Describe the current behavior
When I specify R2 Score as a Metric when compiling the model, the downstream component Evaluator throws an exception.
This is not the case for any other Metrics I have tried

Describe the expected behavior
The Evaluator evaluates the model with all stadard metrics

Standalone code to reproduce the issue

import os

import pandas as pd
import tensorflow_model_analysis as tfma
import tfx.v1 as tfx


try:
  url = 'http://archive.ics.uci.edu/ml/machine-learning-databases/auto-mpg/auto-mpg.data'
  column_names = ['MPG', 'Cylinders', 'Displacement', 'Horsepower', 'Weight',
                'Acceleration', 'Model_Year', 'Origin']

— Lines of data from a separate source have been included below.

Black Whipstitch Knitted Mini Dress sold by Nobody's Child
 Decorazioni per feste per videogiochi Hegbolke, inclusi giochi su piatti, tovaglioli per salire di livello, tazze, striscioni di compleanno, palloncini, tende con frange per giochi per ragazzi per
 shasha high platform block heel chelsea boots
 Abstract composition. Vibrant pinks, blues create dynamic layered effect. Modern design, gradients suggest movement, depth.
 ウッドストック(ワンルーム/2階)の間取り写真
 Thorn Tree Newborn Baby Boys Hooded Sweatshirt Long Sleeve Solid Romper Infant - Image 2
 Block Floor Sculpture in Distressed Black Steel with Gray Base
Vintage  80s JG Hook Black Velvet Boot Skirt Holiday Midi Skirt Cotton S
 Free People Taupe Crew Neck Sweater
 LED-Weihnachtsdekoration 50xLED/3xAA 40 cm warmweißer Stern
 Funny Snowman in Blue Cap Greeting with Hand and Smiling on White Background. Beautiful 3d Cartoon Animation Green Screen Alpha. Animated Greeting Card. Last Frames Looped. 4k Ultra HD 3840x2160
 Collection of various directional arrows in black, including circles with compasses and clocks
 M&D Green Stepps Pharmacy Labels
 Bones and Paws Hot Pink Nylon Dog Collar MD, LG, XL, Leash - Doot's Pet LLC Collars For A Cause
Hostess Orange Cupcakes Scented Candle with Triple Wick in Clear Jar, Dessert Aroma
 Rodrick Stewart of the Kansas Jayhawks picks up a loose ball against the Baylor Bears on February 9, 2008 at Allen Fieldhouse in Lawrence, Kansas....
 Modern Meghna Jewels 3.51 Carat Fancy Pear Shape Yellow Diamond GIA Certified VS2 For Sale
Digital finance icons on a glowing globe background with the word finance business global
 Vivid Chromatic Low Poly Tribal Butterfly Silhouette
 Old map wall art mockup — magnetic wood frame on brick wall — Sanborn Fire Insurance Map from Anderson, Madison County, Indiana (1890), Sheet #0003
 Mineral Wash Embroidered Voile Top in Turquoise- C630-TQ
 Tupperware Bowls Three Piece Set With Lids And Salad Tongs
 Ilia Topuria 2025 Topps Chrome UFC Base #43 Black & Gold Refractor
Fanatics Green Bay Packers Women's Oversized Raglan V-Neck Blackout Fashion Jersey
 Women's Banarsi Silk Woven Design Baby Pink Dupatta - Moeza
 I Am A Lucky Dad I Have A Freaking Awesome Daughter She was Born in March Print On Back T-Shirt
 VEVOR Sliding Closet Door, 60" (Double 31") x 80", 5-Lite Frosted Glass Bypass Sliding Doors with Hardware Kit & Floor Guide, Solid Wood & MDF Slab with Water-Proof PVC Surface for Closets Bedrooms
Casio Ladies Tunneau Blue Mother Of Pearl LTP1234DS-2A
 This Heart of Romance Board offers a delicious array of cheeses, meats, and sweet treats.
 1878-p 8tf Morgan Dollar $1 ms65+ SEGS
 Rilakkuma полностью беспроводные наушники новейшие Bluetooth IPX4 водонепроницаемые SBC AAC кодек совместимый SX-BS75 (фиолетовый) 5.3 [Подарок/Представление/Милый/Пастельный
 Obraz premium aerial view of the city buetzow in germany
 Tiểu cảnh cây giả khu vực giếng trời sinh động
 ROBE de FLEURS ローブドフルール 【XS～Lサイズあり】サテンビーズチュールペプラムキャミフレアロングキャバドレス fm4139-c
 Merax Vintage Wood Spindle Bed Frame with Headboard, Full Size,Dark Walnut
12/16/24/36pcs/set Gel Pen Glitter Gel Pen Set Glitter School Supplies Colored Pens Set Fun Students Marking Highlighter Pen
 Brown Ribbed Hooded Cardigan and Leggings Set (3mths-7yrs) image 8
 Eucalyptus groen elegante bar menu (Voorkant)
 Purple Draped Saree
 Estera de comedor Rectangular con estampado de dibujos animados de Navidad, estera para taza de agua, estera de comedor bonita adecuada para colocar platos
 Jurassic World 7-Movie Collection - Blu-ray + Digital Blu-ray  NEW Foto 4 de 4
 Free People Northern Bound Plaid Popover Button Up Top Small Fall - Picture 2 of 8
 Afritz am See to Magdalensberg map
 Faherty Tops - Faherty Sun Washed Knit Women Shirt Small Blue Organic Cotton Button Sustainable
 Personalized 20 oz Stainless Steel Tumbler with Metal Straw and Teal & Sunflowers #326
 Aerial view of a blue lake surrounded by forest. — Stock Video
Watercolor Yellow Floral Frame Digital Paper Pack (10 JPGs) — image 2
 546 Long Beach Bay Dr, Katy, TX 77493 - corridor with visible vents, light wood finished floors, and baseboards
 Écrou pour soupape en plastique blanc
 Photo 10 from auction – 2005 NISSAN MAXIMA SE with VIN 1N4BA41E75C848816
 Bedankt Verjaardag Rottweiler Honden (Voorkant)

  dataset = pd.read_csv(url, names=column_names,
                          na_values='?', comment='\t',
                          sep=' ', skipinitialspace=True)
  dataset = dataset.dropna()
  dataset -= dataset.mean()
  dataset /= dataset.std()
  os.mkdir('./data')
  dataset.to_csv('data/data.csv', index=False)
except:
  pass

with open('./trainer.py', 'w') as f:
  f.write("""

import keras
import tensorflow as tf
import tfx.v1 as tfx
from tensorflow_metadata.proto.v0 import schema_pb2
from tfx_bsl.public import tfxio

column_names = ['MPG', 'Cylinders', 'Displacement', 'Horsepower', 'Weight',
                'Acceleration', 'Model_Year', 'Origin']

def _input_fn(file_pattern: list[str],
              data_accessor: tfx.components.DataAccessor,
              schema: schema_pb2.Schema,
              batch_size: int = 200) -> tf.data.Dataset:
  # from https://www.tensorflow.org/tfx/tutorials/tfx/penguin_simple#create_a_pipeline

  return data_accessor.tf_dataset_factory(
      file_pattern,
      tfxio.TensorFlowDatasetOptions(
          batch_size=batch_size, label_key='MPG'),
      schema=schema).repeat()

def run_fn(fn_args: tfx.components.FnArgs):
  train_dataset = _input_fn(
      fn_args.train_files,
      fn_args.data_accessor,
      tfx.utils.parse_pbtxt_file(fn_args.schema_path, schema_pb2.Schema()))

  layers = [keras.Input(shape=(1,), name=n) for n in column_names if n != 'MPG']

  linear_model = keras.layers.concatenate(layers)

  linear_model = keras.Model(inputs=layers, outputs=[keras.layers.Dense(units=1)(linear_model)])

  linear_model.compile(
    optimizer=keras.optimizers.Adam(learning_rate=0.1),
    loss='mean_absolute_error',
    metrics=[keras.metrics.R2Score()]
    )
  
  linear_model.fit(
    train_dataset,
    steps_per_epoch=1000,
    epochs=1)
  
  linear_model.save(fn_args.serving_model_dir, save_format='tf')

""")

example_gen = tfx.components.CsvExampleGen(input_base='data')
statistics_gen = tfx.components.StatisticsGen(examples=example_gen.outputs['examples'])
schema_gen = tfx.components.SchemaGen(statistics=statistics_gen.outputs['statistics'])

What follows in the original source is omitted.